This morning, I read that chickadees make it through the winter by eating through a stash of eighty-thousand seeds they hide during warmer months, and if I put my keys anywhere but on the ledge by the door I will be at a loss and probably late.
There are different categories of memory, say cognitive ecologists, and this one is spatial. What is mine, then? It’s not spatial, nor is it numbers. I rarely have the right fact at the right time. Impressions, I have plenty. I remember the images, sounds, and sudden sensations that stopped me. The lilting laughs and mannerisms of departed loves, near-strangers included, the dimples in a former toddler’s chubby hand. I return to these only to be stopped again and again. From a lens of individual survival, this penchant toward becoming increasingly porous with each piercing recollection seems the opposite of useful.
It’s no effort at all to harvest cache upon cache of opportunities to grieve, to return to what is lost, and I’m hardly alone in this. Perhaps this is the best adaptation of our species, this enforced stoppage, this innate entanglement.
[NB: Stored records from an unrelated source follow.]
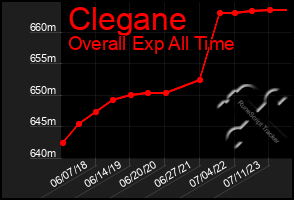 Total Graph of Clegane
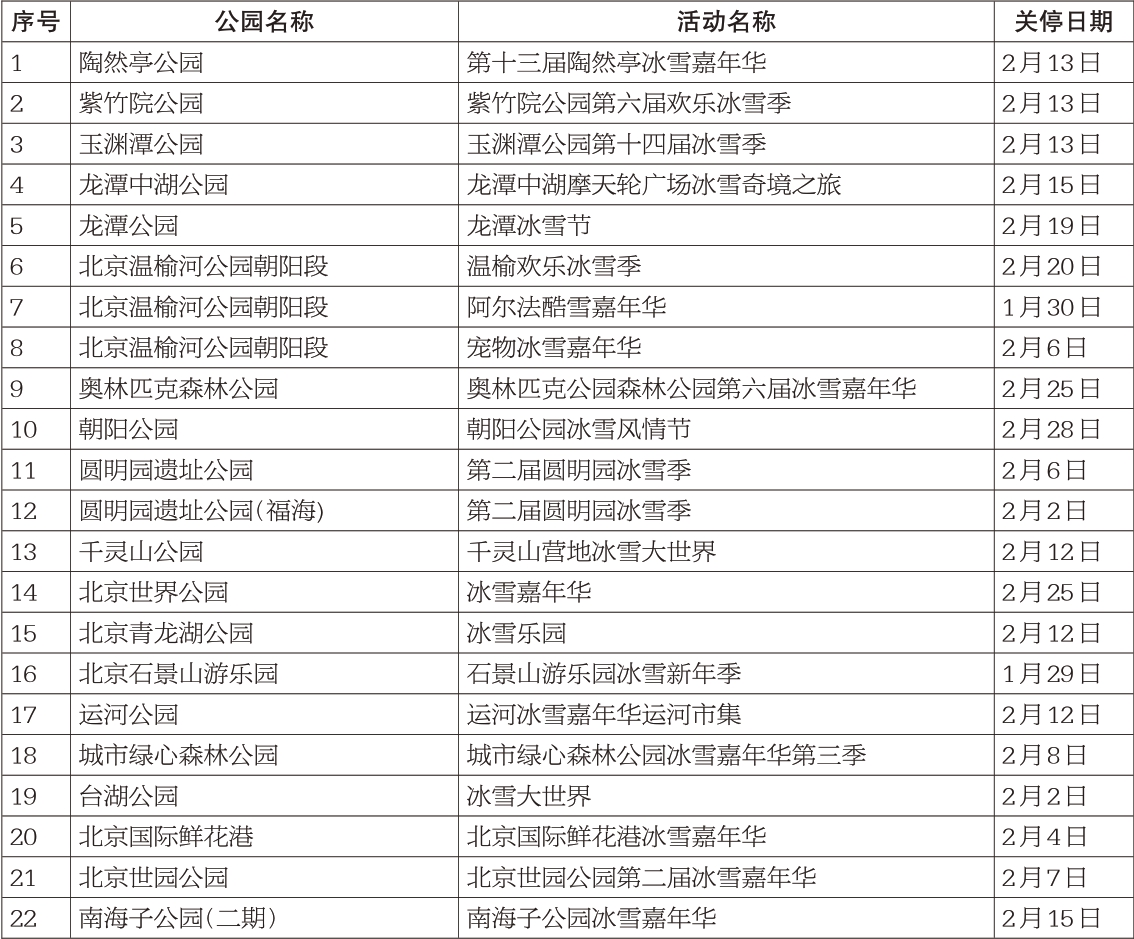 全市公園雪場關停日期一覽表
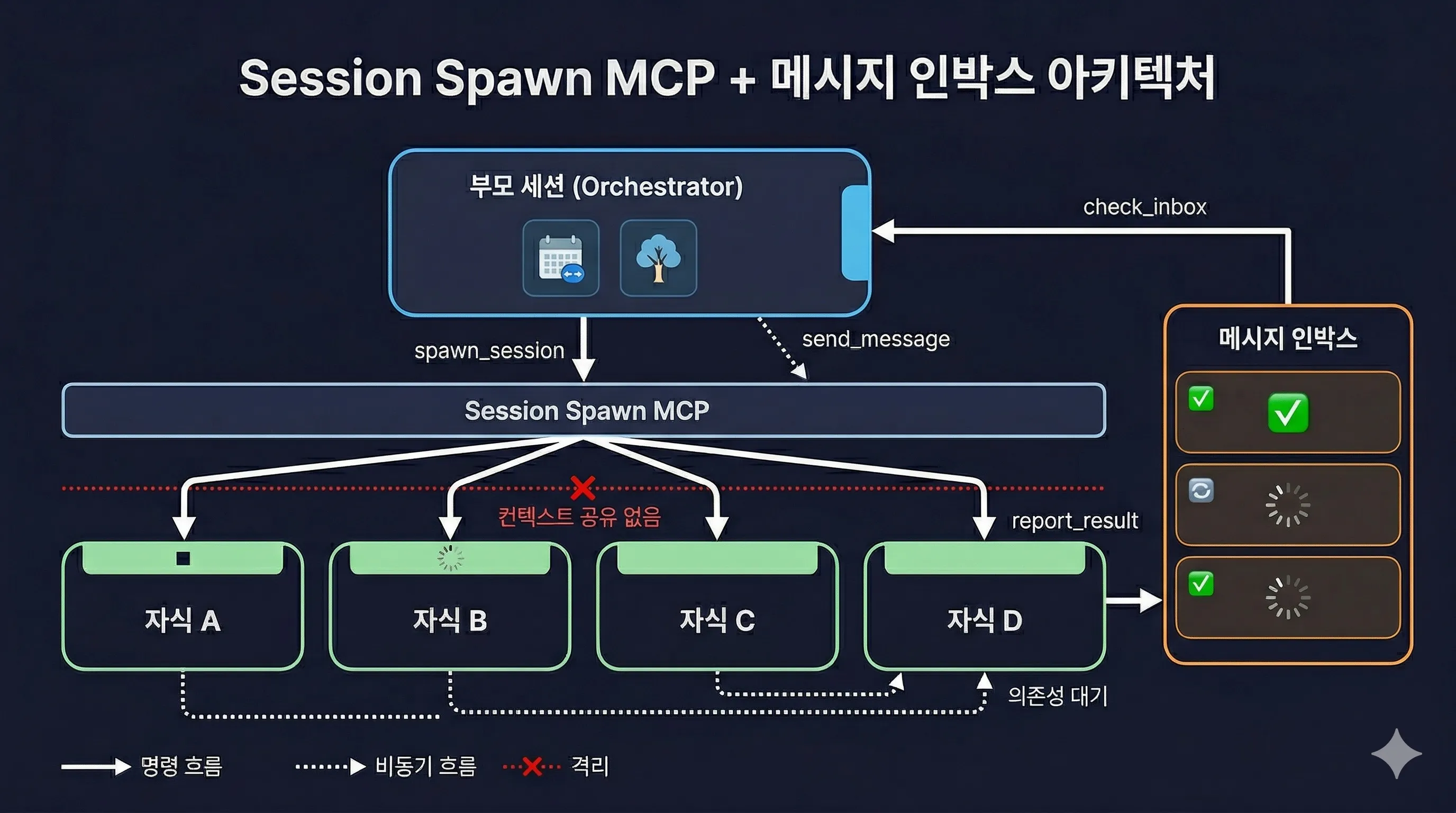 Session Spawn MCP 아키텍처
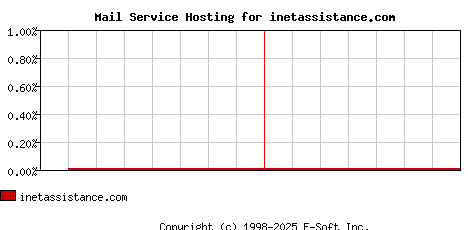 inetassistance.com MX Hosting Market Share Graph
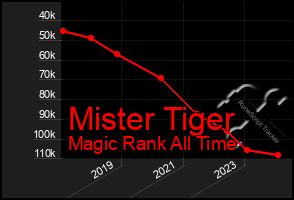 Total Graph of Mister Tiger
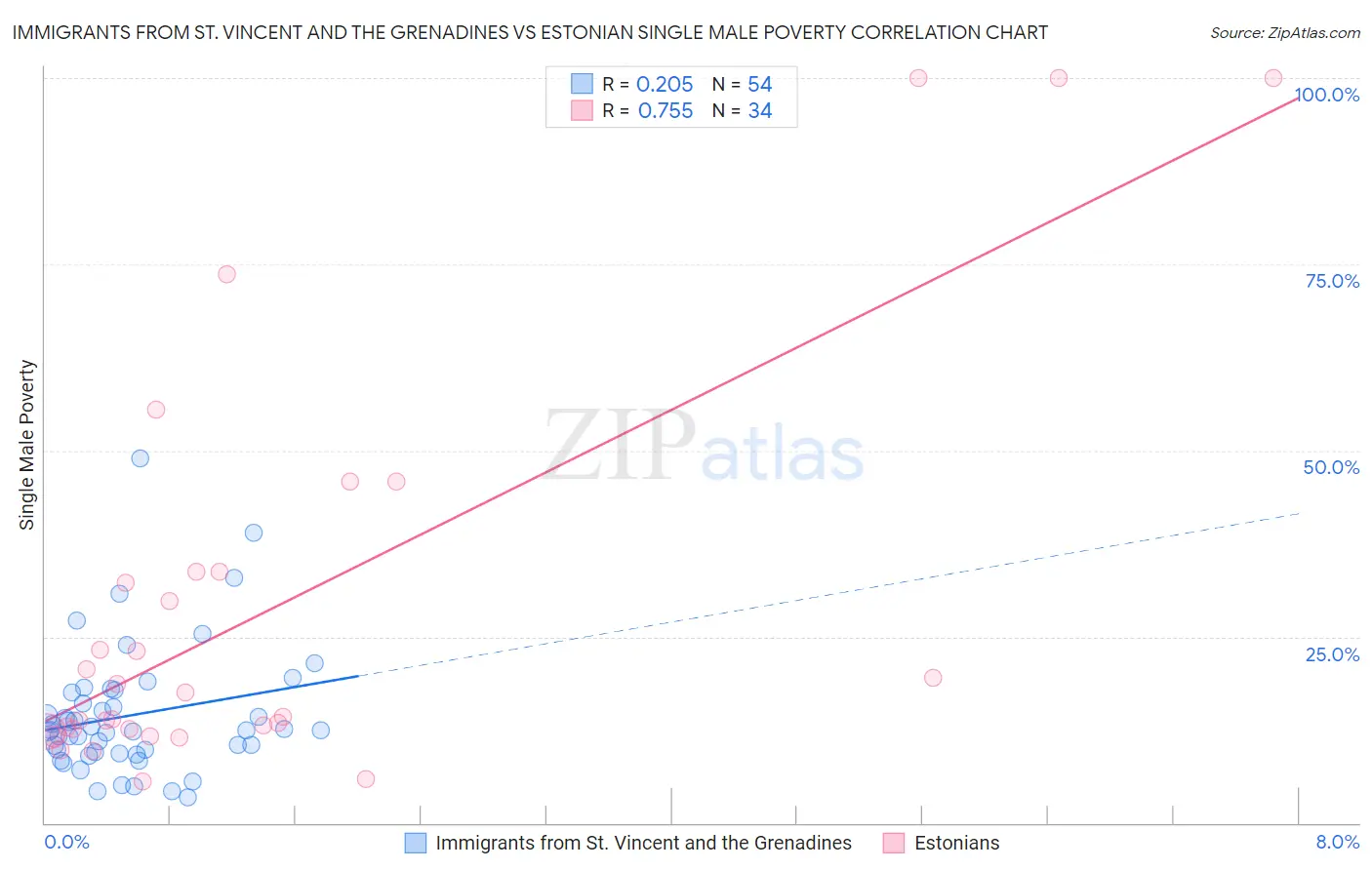 Immigrants from St. Vincent and the Grenadines vs Estonian Single Male Poverty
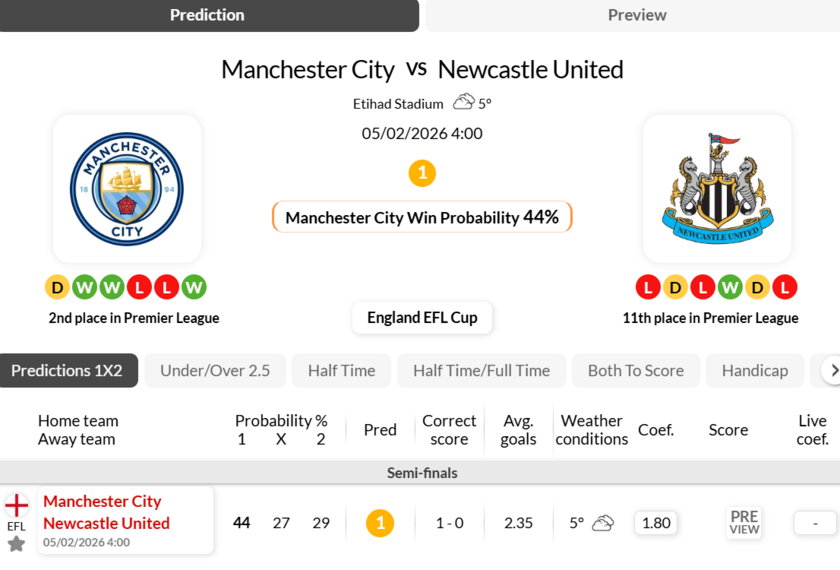 曼城vs纽卡斯尔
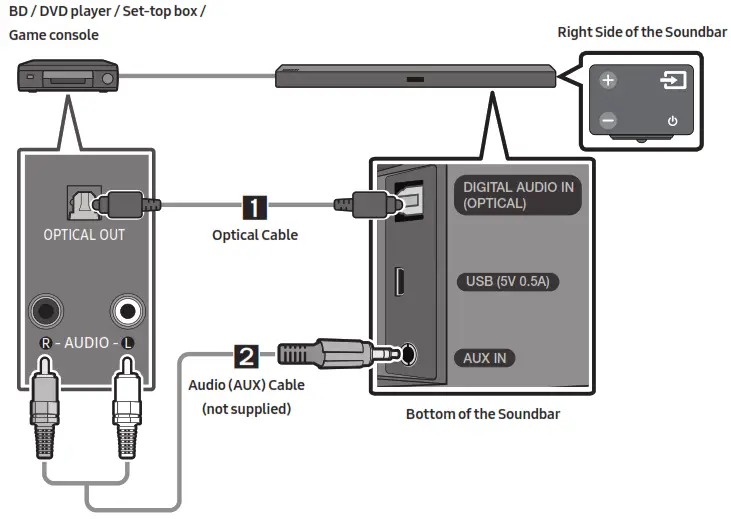 SAMSUNG Soundbar - Câble audio analogique (AUX)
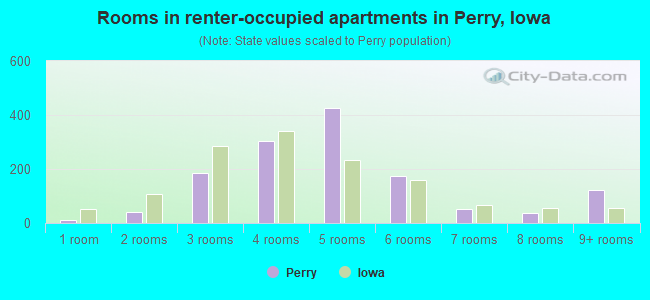 Rooms in renter-occupied apartments in Perry, Iowa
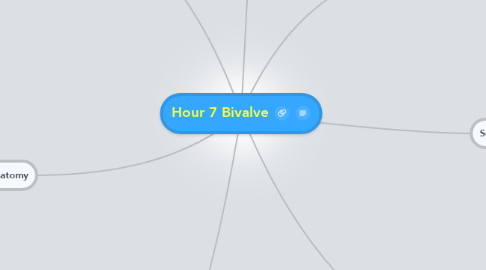 Mind Map: Hour 7 Bivalve
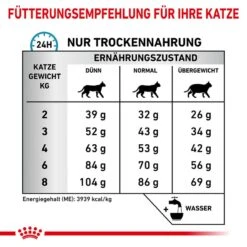 Royal Canin Anallergenic Katzenfutter 13 Royal Canin Anallergenic Katzenfutter -Spielzeug Pet ACwAYrH68KRkvjuv6a1gClsauGjxtm metaUkNfVmV0X0FuYWxsZXJnZW5pY19GZWxpbmVfNV9ERS5qcGc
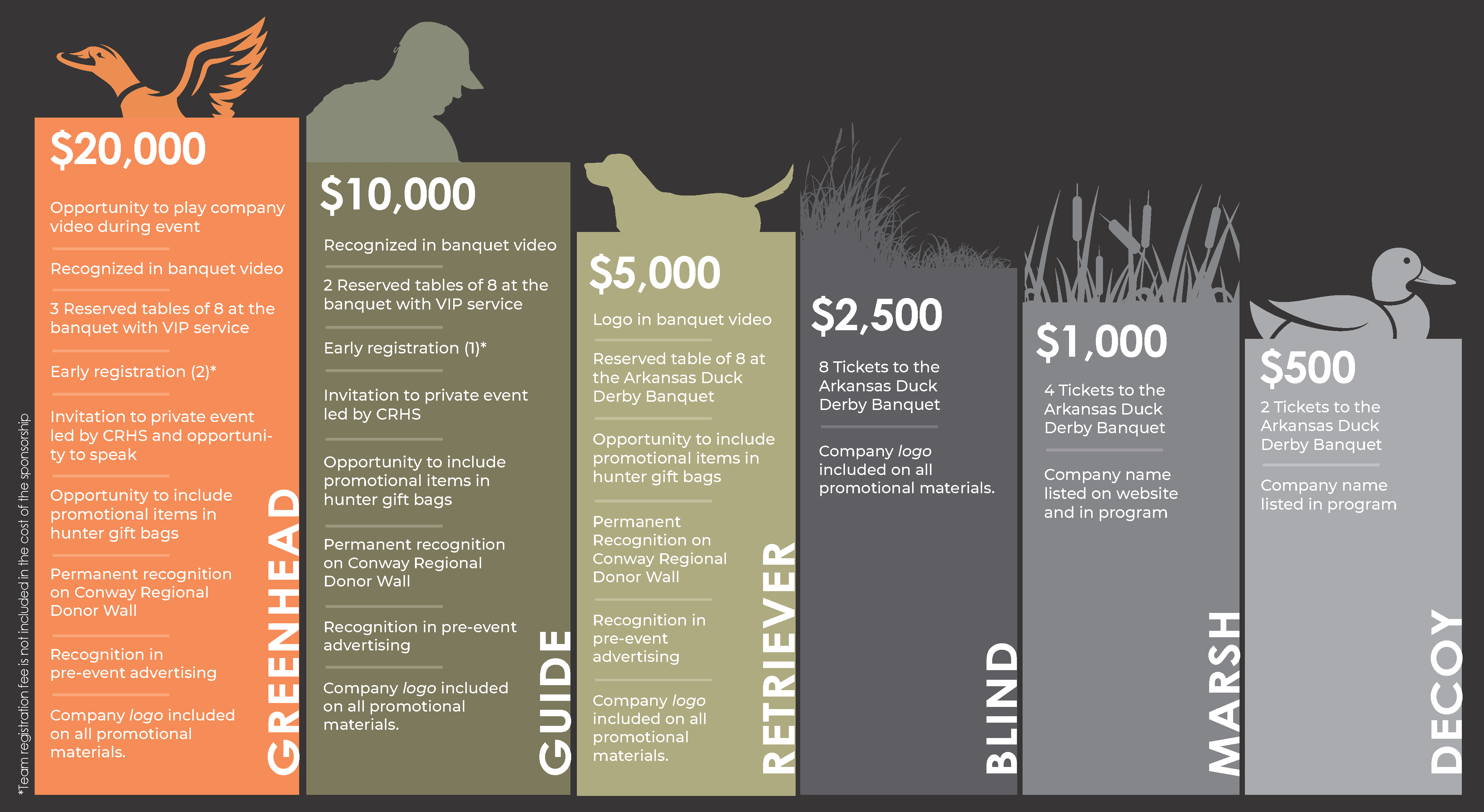 Duck Derby 2026 Sponsors Graphic Web Crop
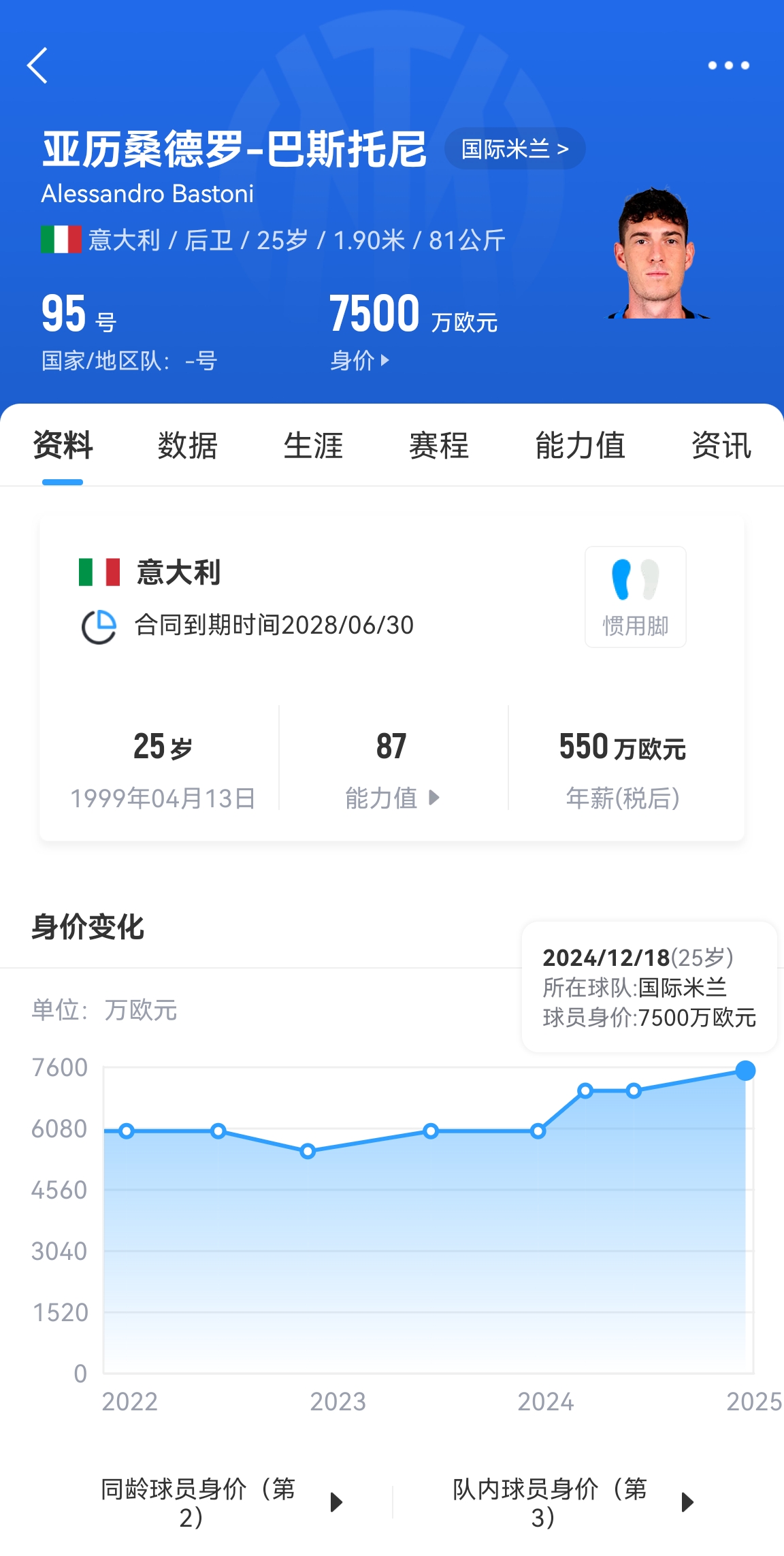  25歲身價7500萬！巴斯托尼83分鐘人球分過奔襲策動，圖拉姆失空門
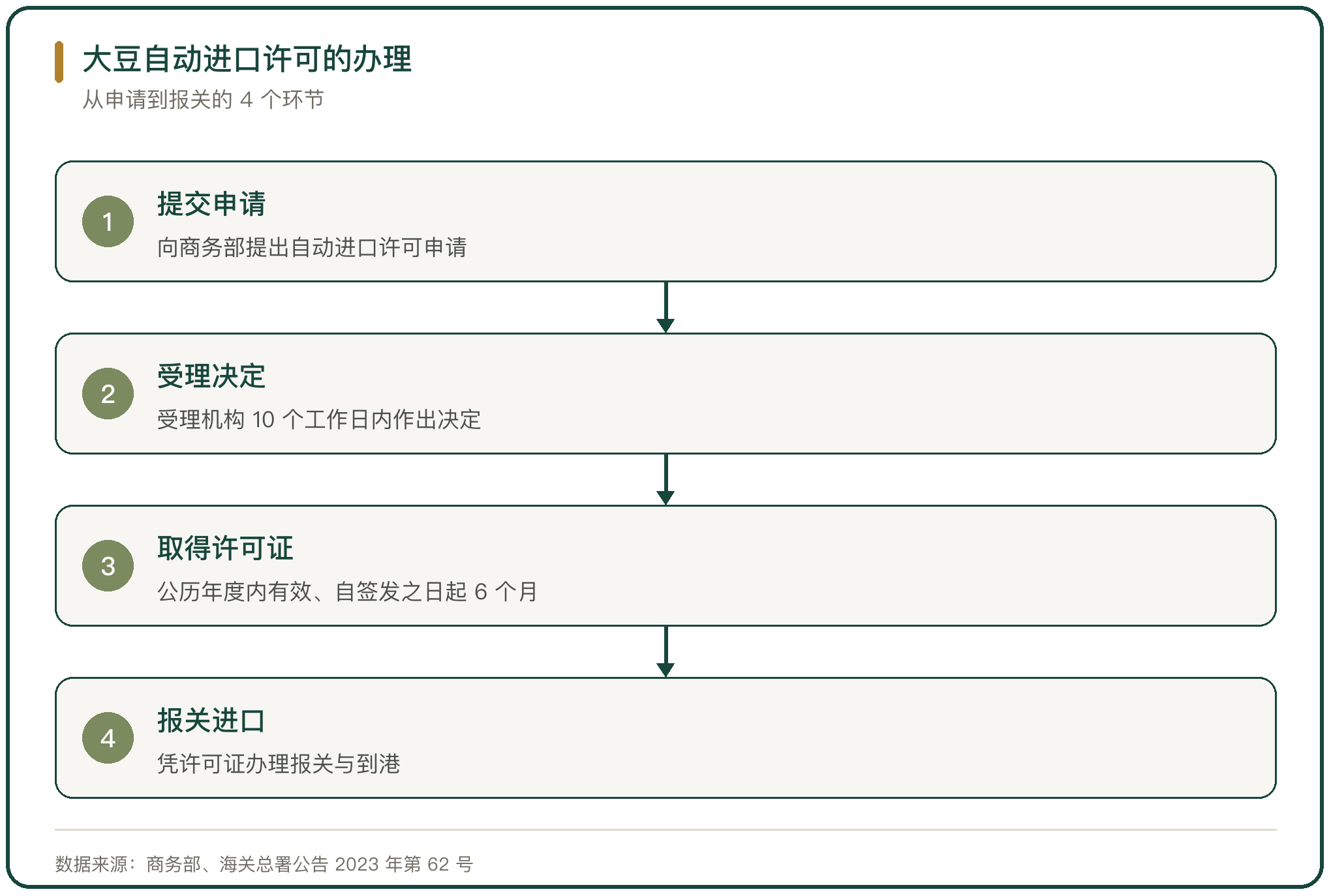 大豆自动进口许可的办理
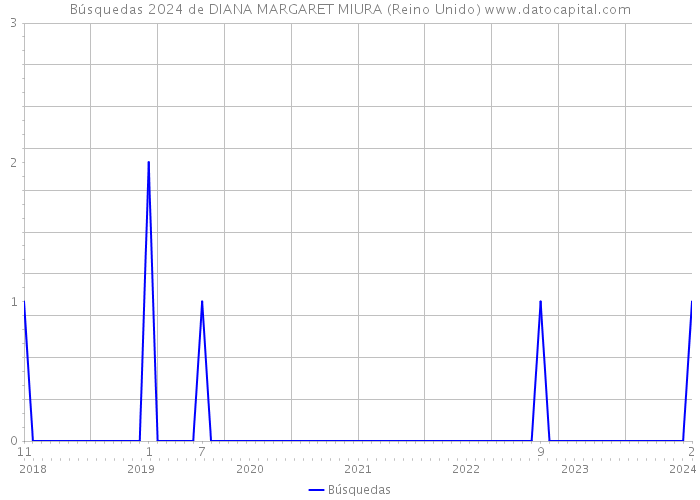 Búsquedas 2024 de DIANA MARGARET MIURA (Reino Unido) 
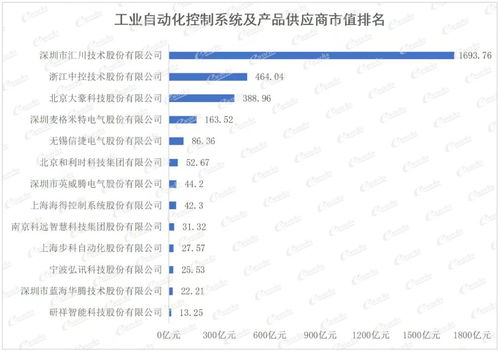 重量級發布！2021中國智能制造上市公司百強榜出爐，應用軟件服務成關鍵引擎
We make music after death to sustain the living, our elegies like bridges reaching for the land of the dead, so that we are never fully in ourselves, but always reaching, from and to how many points? None of which seems essential for any one of us, and all of which complicate and tighten the weave of this larger forever netting, holding us, somewhere beyond the spatial Here to hear something else.
Because of this, any one of us can say to another, Remember This, and by this sacrament maintain some subtle evasion beyond death’s inevitable hand. It will get us each when the last winter comes, but not before we go around stashing parts of ourselves away in the living, remember.